Erhältlich als sehr schöne gebundene Ausgabe aus dem Deutschen Klassikerverlag sowie als kostenloses E-Book aus dem Projekt Gutenberg.
Die Kronenwächter
Erschienen 1817. Von der Leipziger Literaturzeitung 1819 als ein „mährchenartiger Roman“ bezeichnet. Fontane hielt ihn für einen „wahren Geistesschatz“. Goethe wiederum hat auf die persönliche Zueignung nicht geantwortet.
Arnim lässt die Geschichte Ende des 15., Anfang des 16. Jahrhunderts spielen, vor historischem Hintergrund: Augsburger Reichstag, Bauernaufstände, Vorahnung der Reformation. Den Hauptstrang der Erzählung machen wiederum märchenhaft-romantische Elemente aus: Findelkinder werden in einem Kästchen mit Totenschädel übergeben; nämliches Kind entdeckt später den verfallenen Palast Barbarossas, samt Schatz; die titelgebenden Kronenwächter bewachen als eine Art terroristischer Geheimbund mit drakonischen Methoden die Stauferkrone und deren Aspiranten; Faust, als dunkler Wundermann dargestellt, führt schwarzmagische Bluttransfusionen durch; bei einem Ritterturnier wird die Gunst einer Dame errungen, was zu verschiedenen Verwicklungen rund um Eifersucht und Untreue führt. Am Ende sind dann alle entweder tot, entführt oder im Kloster.

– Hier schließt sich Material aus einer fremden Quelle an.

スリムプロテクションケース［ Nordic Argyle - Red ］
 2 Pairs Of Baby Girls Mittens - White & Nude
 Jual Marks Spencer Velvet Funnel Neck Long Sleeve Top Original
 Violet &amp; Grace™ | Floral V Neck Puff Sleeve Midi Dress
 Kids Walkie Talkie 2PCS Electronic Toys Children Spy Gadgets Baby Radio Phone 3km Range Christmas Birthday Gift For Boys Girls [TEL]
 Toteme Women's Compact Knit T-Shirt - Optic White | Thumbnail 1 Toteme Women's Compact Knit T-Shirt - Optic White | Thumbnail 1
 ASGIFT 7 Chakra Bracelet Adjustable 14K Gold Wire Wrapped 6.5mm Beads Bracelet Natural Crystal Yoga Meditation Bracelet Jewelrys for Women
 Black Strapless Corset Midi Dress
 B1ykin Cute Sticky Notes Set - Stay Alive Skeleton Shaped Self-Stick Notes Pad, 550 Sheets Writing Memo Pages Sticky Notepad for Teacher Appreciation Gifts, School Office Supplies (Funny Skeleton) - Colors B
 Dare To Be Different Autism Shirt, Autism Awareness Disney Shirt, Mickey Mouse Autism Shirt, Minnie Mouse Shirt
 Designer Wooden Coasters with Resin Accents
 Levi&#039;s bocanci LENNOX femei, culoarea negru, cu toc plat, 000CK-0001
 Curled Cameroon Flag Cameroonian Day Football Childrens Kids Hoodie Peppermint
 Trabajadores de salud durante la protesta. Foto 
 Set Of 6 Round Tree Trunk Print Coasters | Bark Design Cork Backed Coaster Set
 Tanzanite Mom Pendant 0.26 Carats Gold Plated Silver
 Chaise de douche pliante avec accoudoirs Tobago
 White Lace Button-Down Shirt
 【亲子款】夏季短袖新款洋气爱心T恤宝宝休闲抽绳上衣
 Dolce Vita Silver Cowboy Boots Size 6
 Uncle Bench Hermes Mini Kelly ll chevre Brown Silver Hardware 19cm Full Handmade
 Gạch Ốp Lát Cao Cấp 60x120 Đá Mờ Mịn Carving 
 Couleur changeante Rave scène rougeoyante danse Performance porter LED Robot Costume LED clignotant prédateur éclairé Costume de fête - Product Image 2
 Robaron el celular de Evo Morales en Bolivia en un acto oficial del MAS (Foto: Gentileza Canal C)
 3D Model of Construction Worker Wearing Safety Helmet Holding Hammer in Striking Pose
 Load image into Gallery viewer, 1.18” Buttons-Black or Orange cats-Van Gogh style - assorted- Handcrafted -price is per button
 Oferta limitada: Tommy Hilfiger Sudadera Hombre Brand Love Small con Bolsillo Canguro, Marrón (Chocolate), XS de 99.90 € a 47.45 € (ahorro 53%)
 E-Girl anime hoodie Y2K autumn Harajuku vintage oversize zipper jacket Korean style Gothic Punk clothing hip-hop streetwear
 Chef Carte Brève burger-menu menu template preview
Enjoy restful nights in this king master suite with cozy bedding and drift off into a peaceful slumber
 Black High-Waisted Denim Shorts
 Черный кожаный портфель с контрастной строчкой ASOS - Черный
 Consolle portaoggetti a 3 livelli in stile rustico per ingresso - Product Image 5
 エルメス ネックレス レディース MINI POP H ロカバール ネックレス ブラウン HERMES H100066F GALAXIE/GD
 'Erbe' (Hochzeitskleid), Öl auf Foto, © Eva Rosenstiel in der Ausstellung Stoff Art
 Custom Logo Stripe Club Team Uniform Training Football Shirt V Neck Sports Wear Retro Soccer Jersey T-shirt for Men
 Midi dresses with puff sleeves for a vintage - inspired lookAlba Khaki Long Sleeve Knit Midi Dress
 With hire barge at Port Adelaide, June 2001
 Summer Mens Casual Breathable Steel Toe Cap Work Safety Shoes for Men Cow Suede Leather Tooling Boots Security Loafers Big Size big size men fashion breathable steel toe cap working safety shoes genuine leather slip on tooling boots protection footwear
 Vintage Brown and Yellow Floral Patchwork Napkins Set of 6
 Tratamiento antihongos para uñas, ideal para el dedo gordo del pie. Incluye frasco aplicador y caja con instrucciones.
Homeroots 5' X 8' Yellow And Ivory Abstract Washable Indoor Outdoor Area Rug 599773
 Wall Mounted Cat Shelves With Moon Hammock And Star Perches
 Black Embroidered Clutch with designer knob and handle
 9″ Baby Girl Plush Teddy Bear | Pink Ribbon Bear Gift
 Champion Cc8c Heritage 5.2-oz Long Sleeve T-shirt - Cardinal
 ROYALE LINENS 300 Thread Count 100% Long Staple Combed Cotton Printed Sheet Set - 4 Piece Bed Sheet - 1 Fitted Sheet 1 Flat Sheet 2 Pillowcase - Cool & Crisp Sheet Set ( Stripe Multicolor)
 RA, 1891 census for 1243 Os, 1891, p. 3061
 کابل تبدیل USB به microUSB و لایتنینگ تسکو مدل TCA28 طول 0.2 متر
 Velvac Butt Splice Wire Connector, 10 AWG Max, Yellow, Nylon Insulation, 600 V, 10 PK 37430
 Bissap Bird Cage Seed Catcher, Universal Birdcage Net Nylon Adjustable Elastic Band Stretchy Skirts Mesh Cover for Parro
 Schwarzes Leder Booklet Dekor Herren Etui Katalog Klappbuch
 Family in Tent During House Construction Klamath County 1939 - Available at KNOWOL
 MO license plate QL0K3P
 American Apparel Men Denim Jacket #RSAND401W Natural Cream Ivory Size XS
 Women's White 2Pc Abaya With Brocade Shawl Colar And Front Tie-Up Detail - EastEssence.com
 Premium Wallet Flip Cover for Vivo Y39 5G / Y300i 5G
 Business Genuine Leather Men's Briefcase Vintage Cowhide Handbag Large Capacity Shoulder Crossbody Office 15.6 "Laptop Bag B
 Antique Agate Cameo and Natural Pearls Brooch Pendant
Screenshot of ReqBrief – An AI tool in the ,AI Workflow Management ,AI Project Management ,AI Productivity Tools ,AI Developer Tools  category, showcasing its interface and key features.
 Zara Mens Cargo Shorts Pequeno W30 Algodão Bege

Dabei gibt es durchaus ironische Brechungen, wie das Gegenüberstellen der idealen Kronenburg mit der schlampig geführten Burg Hohenstock, oder der Tatsache, dass der Protagonist, Berthold, auch wenn ihm ein paar Dinge gelingen, durchaus Züge eines Antiheldens trägt. Epochentypisch für die Romantik ist auch der Umstand, dass das Werk Fragment geblieben ist.
Man kann dem Roman vorwerfen, dass es ihm an Stringenz der Gestaltung fehlt, ich fand aber durchaus, dass gerade die Unvorhersehbarkeit des weiteren Geschehens einen Teil des Reizes ausmacht, ebenso wie das Changieren zwischen Zeithintergrund und Märchenelementen. Was vor allem trägt ist Arnims Duktus, den ich über diesen Roman als ernstzunehmenden Prosaisten des 19. Jahrhunderts entdeckt habe:
ZitatAm Morgen wurde Anna sehr erschreckt, sie konnte sich nicht gleich erinnern, wo sie erwache, das Zimmer erschien in der Morgenhelle anders, als Abends in der Lampenerleuchtung. Sie rief die Mutter, aber diese hatte schon Zimmer und Bett verlassen, und erst allmählich besann sie sich auf alles. Sie strählte ihre Haare am Fenster und flocht sie auf, des herrlichen Anblicks über den blumenreichen Garten erfreut und darum weniger eilfertig: das alles sollte nun bald ihr Eigentum sein, in dem Gedanken fühlte sie ein stolzes Glück. Ein sanfter Wind wogte mit den Ästen und Gesträuchen und wie er diese einmal stärker niederbeugte, sah sie die Mutter auf einer Gartenbank neben Berthold sitzen, wie er sie herzlich küsste. Sie zitterte, sie wollte nicht glauben, aber der Wind trat immer stärker auf und es war nicht zu zweifeln; nun suchte sie alles auf, Berthold und die Mutter zu entschuldigen, aber nichts wollte die Heftigkeit ihres Zorns erleichtern, als ein Strom von Tränen.